**Try it:** Take the entries that follow and return only the lines from the one with "FORD Puma 1.0 ecoboost h st-line s&s 125cv" through the final line, leaving every picture behind.

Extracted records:
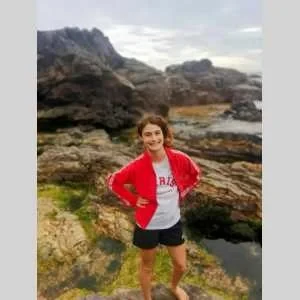 Agathe, babysitter à Dijon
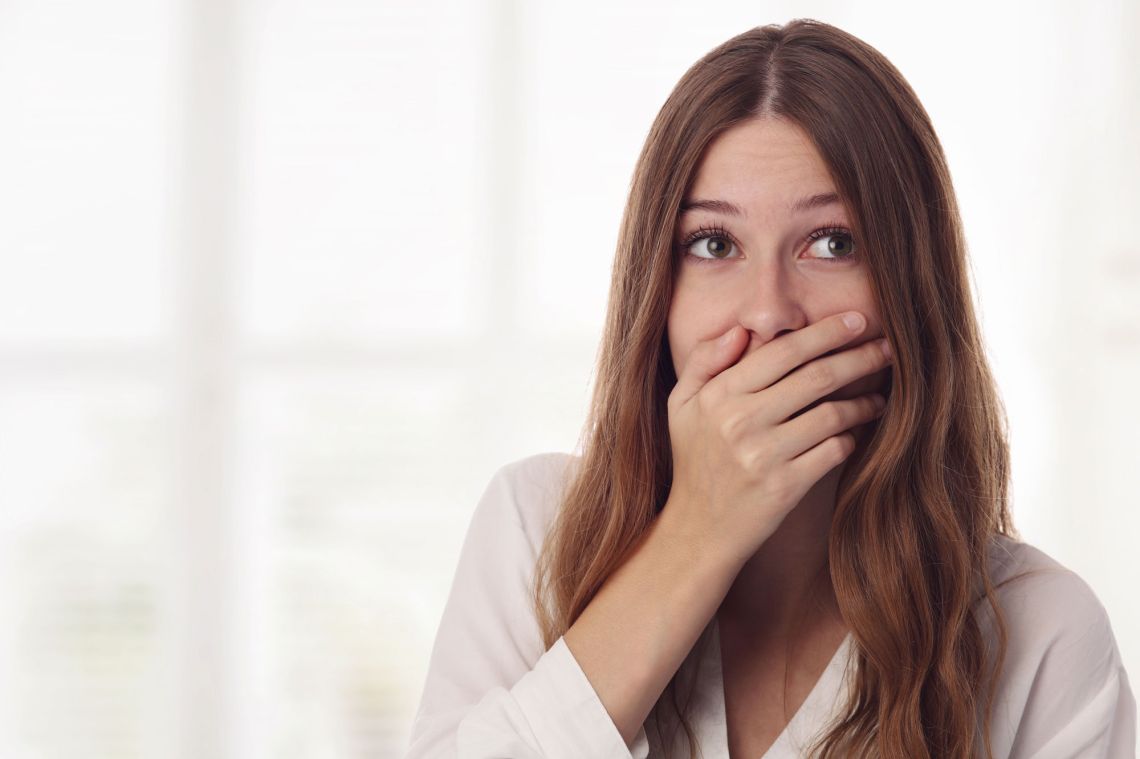 When is toothache not toothache?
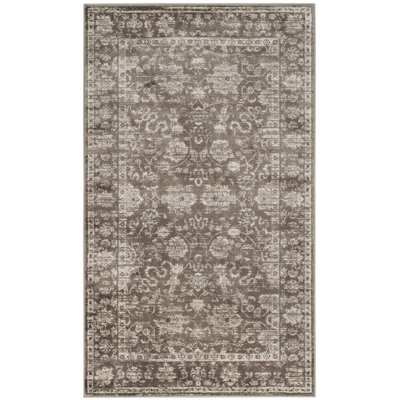 Lyniya Vintage Performance Oriental Rug
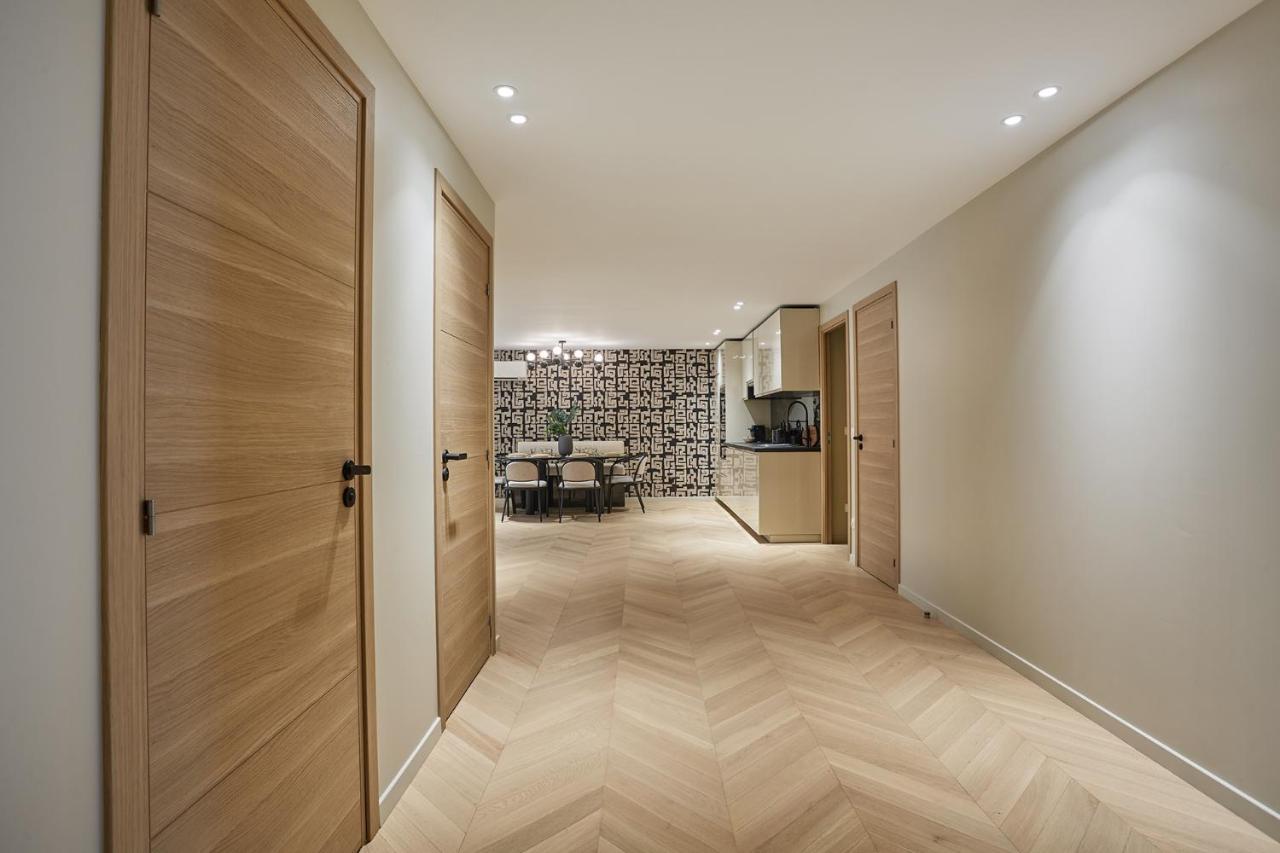 Residence Montparnasse By Studio Prestige 파리 외부 사진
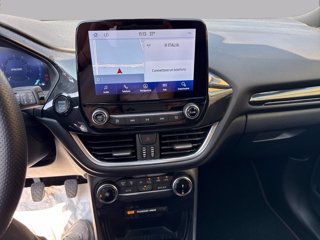 FORD Puma 1.0 ecoboost h st-line s&s 125cv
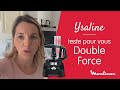 Moulinex  avis sur le double force 1000w  un robot multifonction associ  un blender 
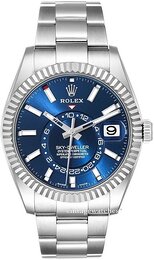 Rolex Sky-Dweller 326934-0003
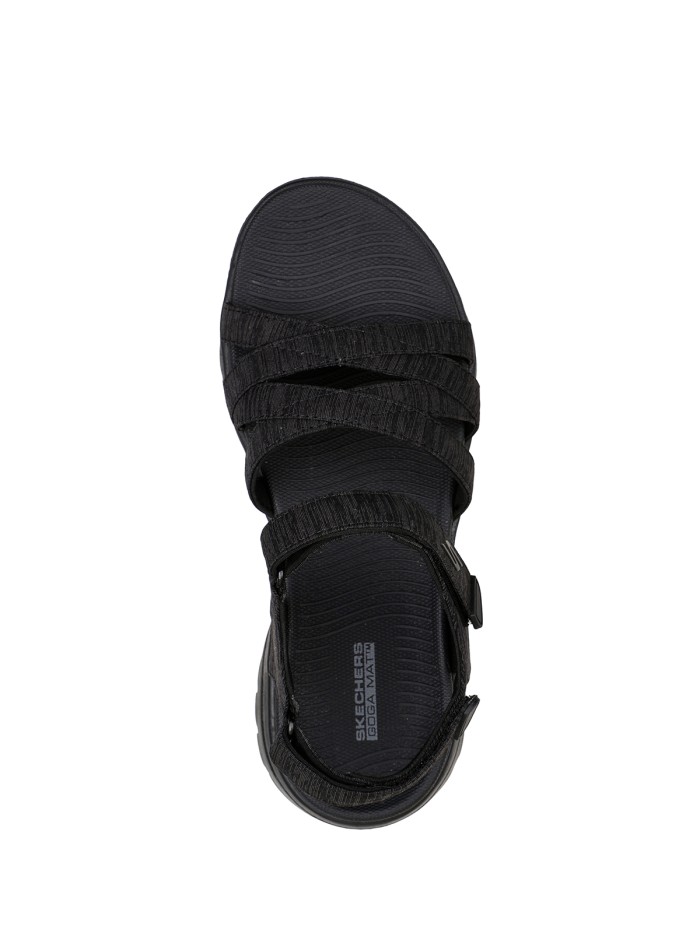 SKECHERS On-the-GO Flex - Finest 140318 NEGRO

**Exercise solution:**
 FORD Puma 1.0 ecoboost h st-line s&s 125cv
 Moulinex  avis sur le double force 1000w  un robot multifonction associ  un blender 
 Rolex Sky-Dweller 326934-0003
 SKECHERS On-the-GO Flex - Finest 140318 NEGRO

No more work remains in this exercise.